Below are the records. Reproduce exactly the lines from the one containing "FILE - French" through the final line, and omit any pictures.

● ● ● ● ● ● ●

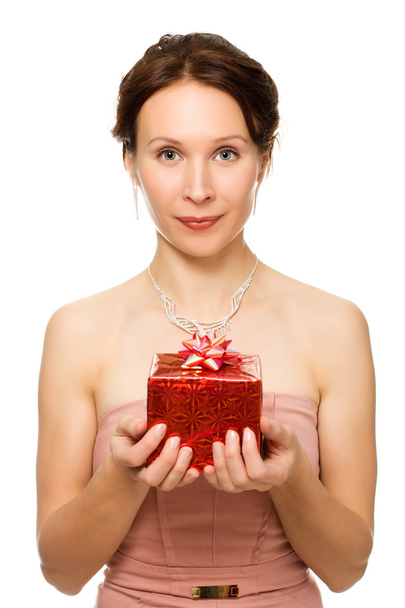 Beautiful woman with a gift in hand - Foto, Imagen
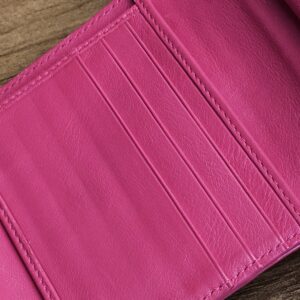 Row of card slots inside the hot pink wallet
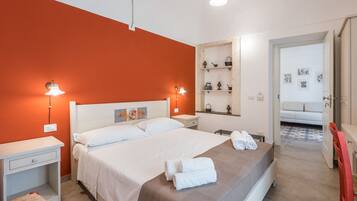 Deluxe Room | Down comforters, minibar, individually decorated, individually furnished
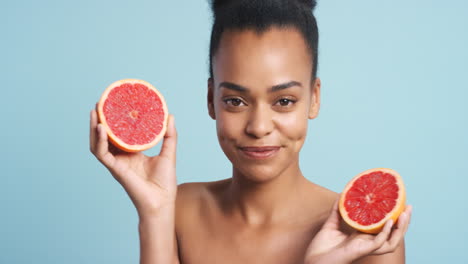 Vitamin-c,-grapefruit-and-skincare-woman-in-studio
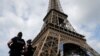 FILE - French police patrol near the Eiffel tower as part of security measures in Paris, France, July 13, 2017. 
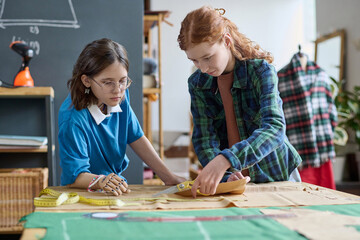 Portrait of two teen girls making clothing patterns together in sewing class at atelier copy space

● ● ● ● ● ● ●

WRITTEN ANSWER:
 FILE - French police patrol near the Eiffel tower as part of security measures in Paris, France, July 13, 2017. 
 Portrait of two teen girls making clothing patterns together in sewing class at atelier copy space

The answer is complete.